OPINIÃO23.07.202408:46

os clubes de futebol que são detidos por sócios, como é o caso do Benfica, e em particular um clube tão grande e importante como o Benfica, devem operar com base num desígnio simples partilhado por todos, que neste caso é também central à identidade do clube: vencer, vencer e vencer

 Pode às vezes parecer quando as pessoas são mais vocais em relação a pontos de vista divergentes, mas os detentores de poder num clube de futebol não são proponentes de uma ideologia contra outra. São, fundamentalmente, gente que pretende manter e, sempre que possível, reforçar o seu poder. É o tempo que torna as suas ações ideológicas. Quanto mais tempo passa, maior a sedimentação de um conjunto de ações que, somadas, se tornam identitárias, culturais, definidoras até da instituição. A vida, em particular a minha e a do Sport Lisboa e Benfica, tem-me ensinado que os atributos mais substantivos de quem ocupa o poder num clube de futebol não são derivados de um conjunto de ideias ou preceitos filosóficos particularmente complexos. Concordamos no essencial, mas há uma diferença entre motivos simples e motivos simplórios.

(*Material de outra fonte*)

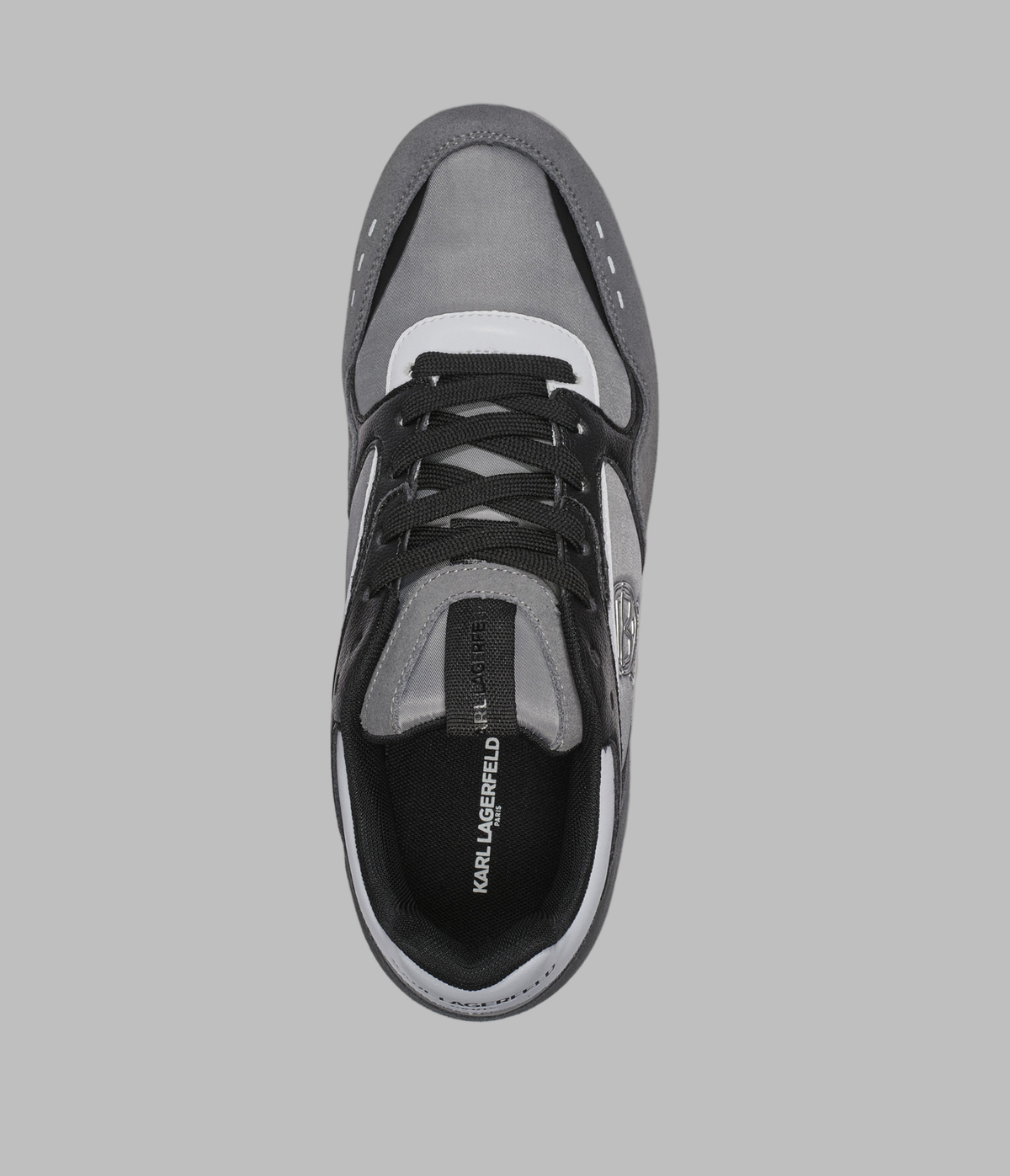 MIXED MEDIA RUNNER WITH KARL HEAD OUTLINE VIEW 4 | Men's Holiday Collection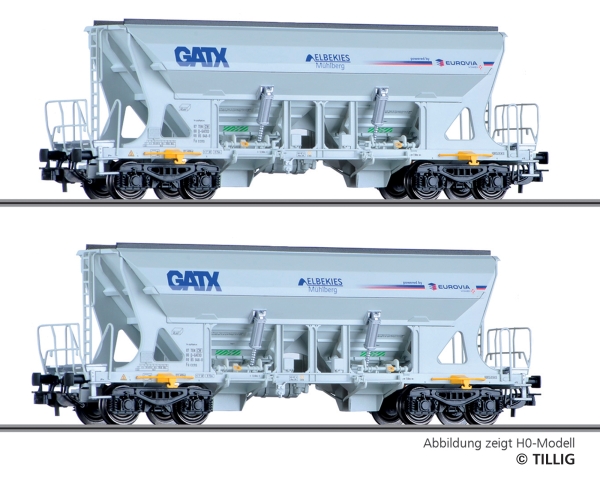 TT D PRI Selbstentladewagen-Set 2x 4A Ep.VI GATX, etc....................................................................................................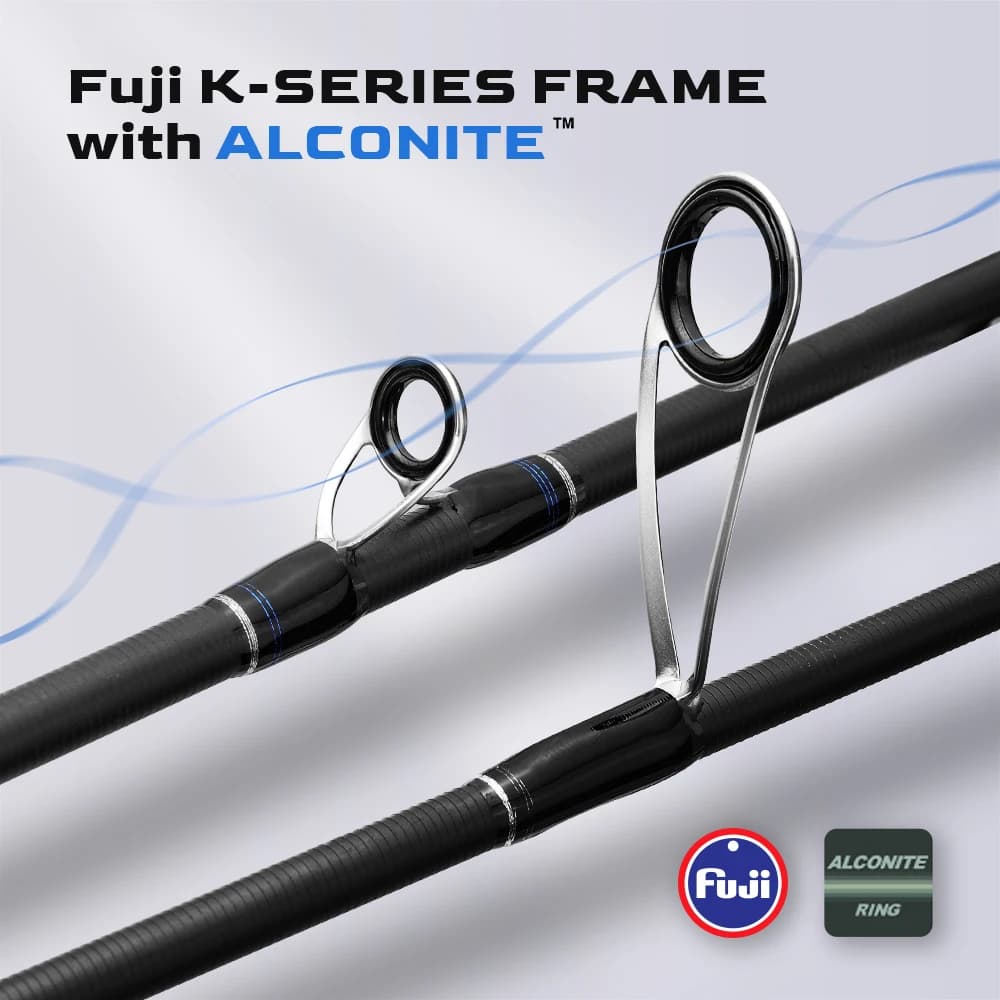 Canne BFS HANDING Miracle 90g ultra-légère - Blank 40T carbone, guides Fuji A - Sensibilité extrême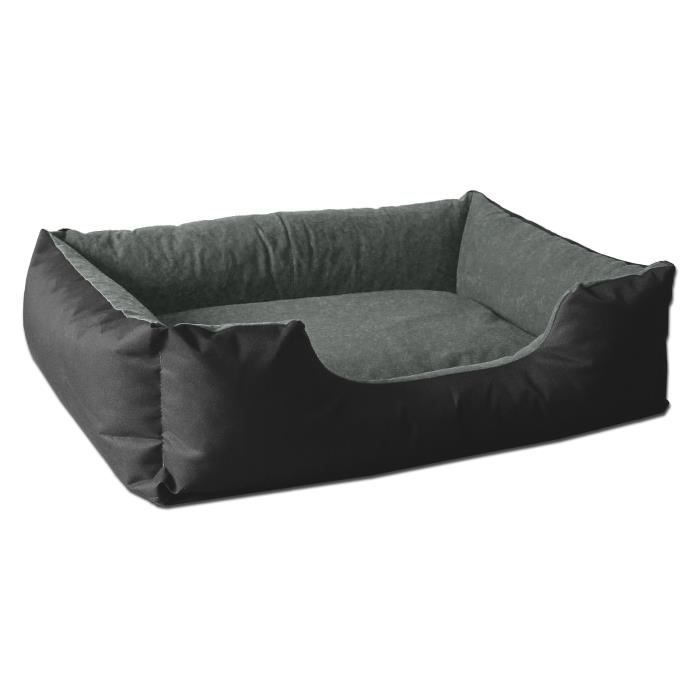Meilleurs prix pour Lit pour chien - BedDog® - LUPI - 70x55 cm - THE-ROCK (noir/gris) - Rectangulaire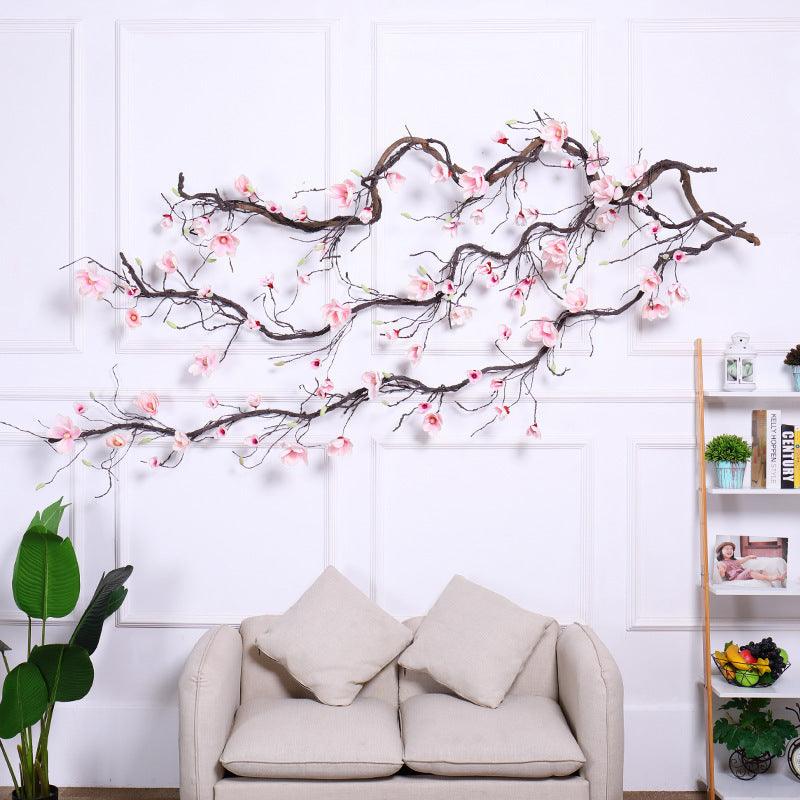 Artificial Magnolia Flower Rattan Plastic Fake Tree - Pacisia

Em concreto: os clubes de futebol que são detidos por sócios, como é o caso do Benfica, e em particular um clube tão grande e importante como o Benfica, devem operar com base num desígnio simples partilhado por todos, que neste caso é também central à identidade do clube: vencer, vencer e vencer. Não repito o verbo para ênfase poético. É mesmo preciso vencer repetidamente no Benfica. Não fui eu que inventei o clube. É nisso que as pessoas se alistam. Era assim quando nasci e, no essencial, pouco mudou, ainda que os últimos anos nos tenham confundido e por vezes pareça que o seja outro o desígnio que hoje nos deve unir: vender, vender, vender. Tentarão convencer-nos de que não há ideologia que sobreviva à inviabilidade dos modelos económicos, e de que pouco mais há a fazer para lá do que já foi feito. Esse auto-convencimento, quando manifestado pelas pessoas certas, tende a criar um odor putrefacto de satisfação connosco mesmos. É um sinal nauseabundo daquilo que falta: ambição, visão, capacidade, concretização, e, já agora, valores inegociáveis. Valores inegociáveis como se fossem uma comissão de Ulisses Santos. Valores para os quais olhamos e não nos fazem pestanejar, de tão certos que estamos da sua rectidão. Não fosse o olfacto humano e poderiam eventualmente convencer-nos que é disto que se trata, afinal, o Benfica.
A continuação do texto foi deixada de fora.